**WHAT IS BEING ASKED:**
What are the lines below, starting at the line containing "Veterans shout slogans" and ending at the line containing "Front exterior view"? Write them out exactly, ends included, without pictures.

**AVAILABLE DATA:**
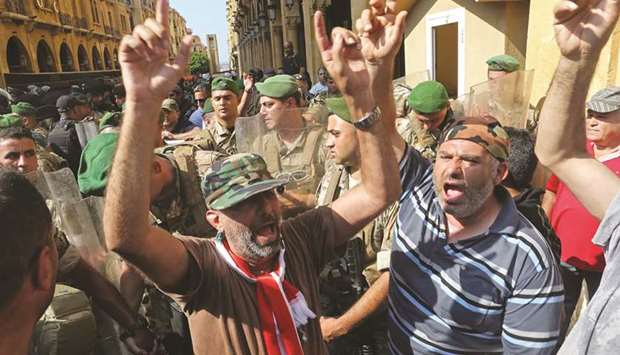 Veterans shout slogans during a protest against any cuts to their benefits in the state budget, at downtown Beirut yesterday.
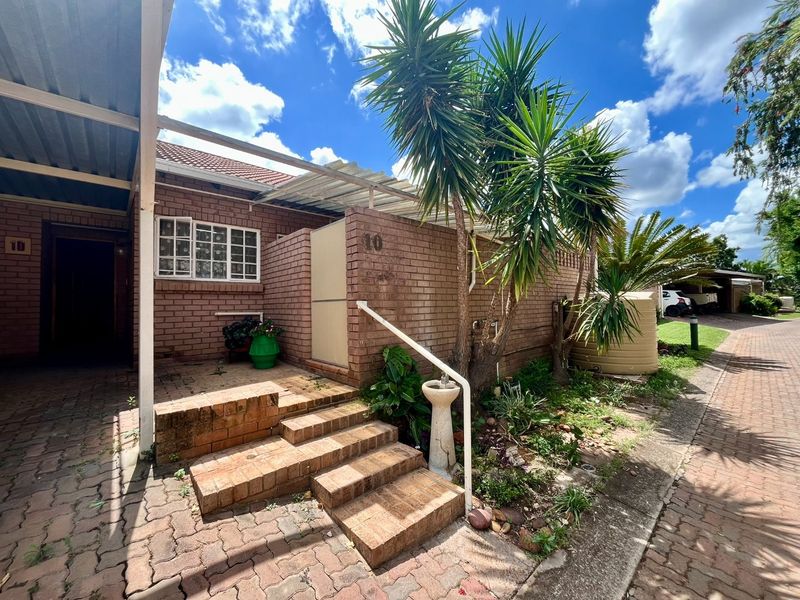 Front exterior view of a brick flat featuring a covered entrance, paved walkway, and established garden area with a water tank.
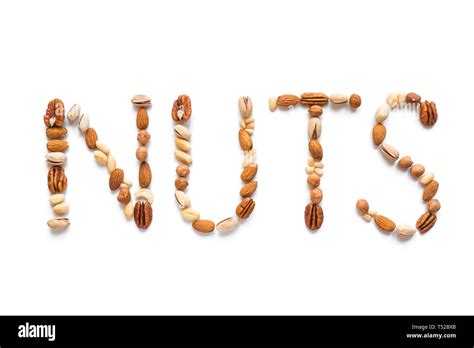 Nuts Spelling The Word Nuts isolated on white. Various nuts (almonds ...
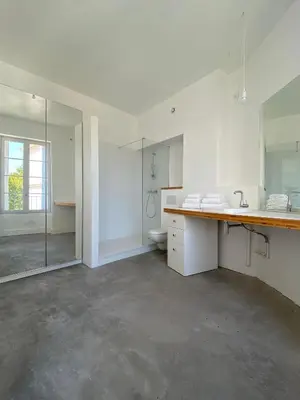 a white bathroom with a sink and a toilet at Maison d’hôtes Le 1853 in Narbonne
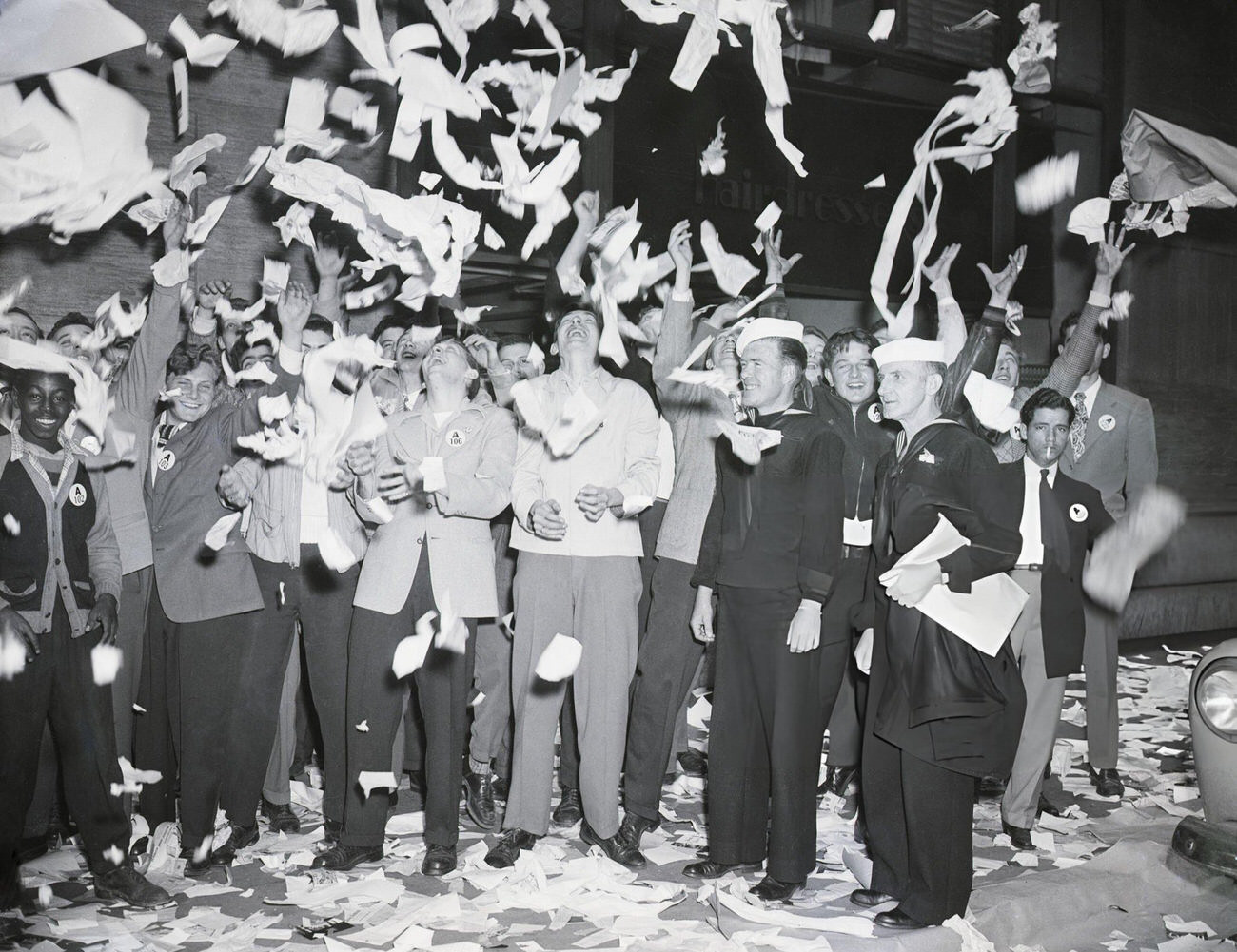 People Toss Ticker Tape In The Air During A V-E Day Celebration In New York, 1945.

---

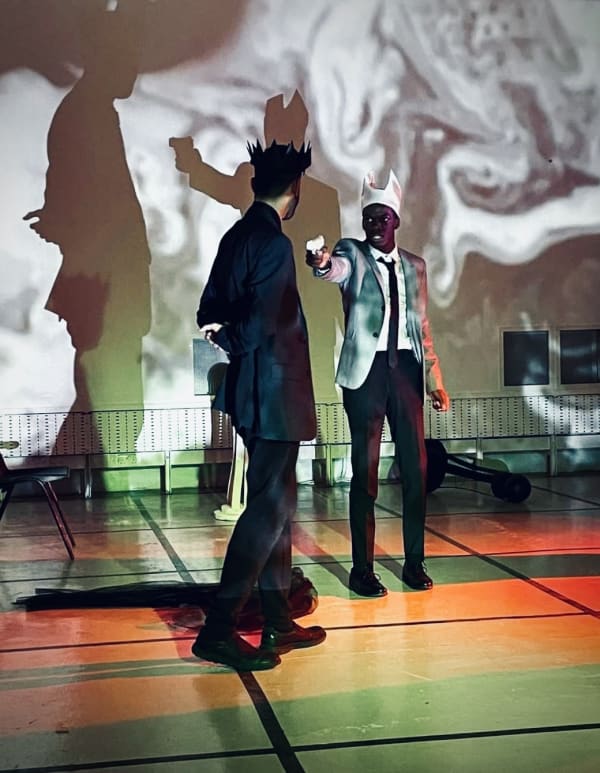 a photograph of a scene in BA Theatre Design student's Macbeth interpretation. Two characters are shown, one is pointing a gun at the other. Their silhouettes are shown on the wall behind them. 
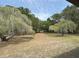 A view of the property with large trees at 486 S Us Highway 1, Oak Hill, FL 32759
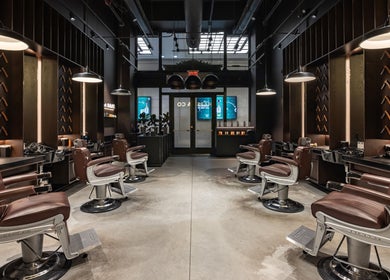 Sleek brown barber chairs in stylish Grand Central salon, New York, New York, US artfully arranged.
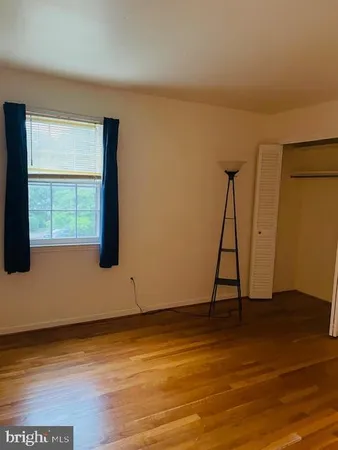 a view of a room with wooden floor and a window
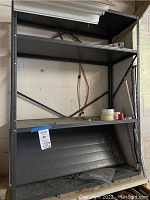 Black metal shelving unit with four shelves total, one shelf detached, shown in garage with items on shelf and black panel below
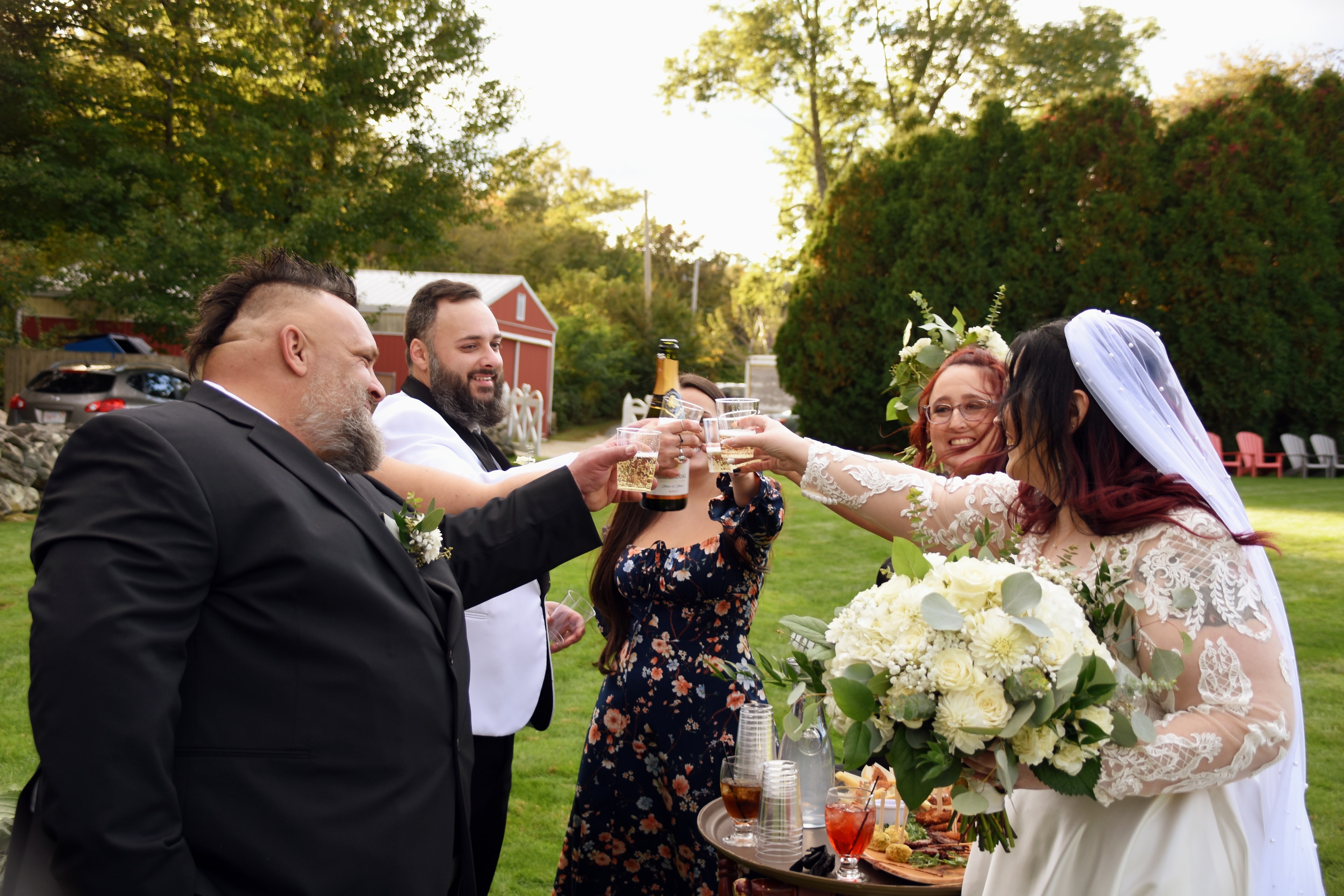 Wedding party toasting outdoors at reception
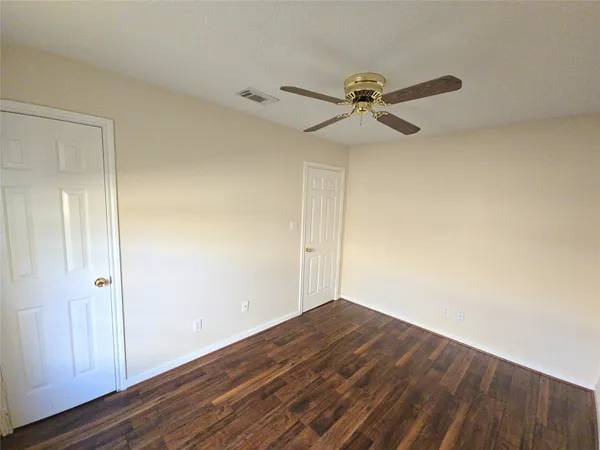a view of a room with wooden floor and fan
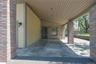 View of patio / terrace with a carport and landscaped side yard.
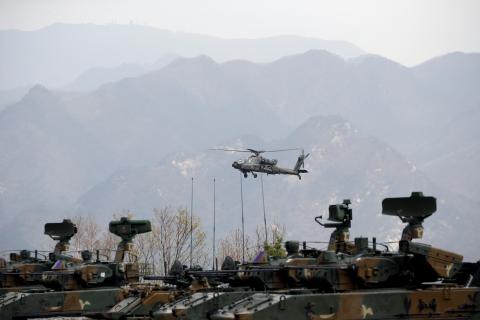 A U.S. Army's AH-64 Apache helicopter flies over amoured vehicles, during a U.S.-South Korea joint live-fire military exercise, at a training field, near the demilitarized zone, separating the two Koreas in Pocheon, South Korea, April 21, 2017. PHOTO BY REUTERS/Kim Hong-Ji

**RESPONSE AREA:**
 Veterans shout slogans during a protest against any cuts to their benefits in the state budget, at downtown Beirut yesterday.
 Front exterior view of a brick flat featuring a covered entrance, paved walkway, and established garden area with a water tank.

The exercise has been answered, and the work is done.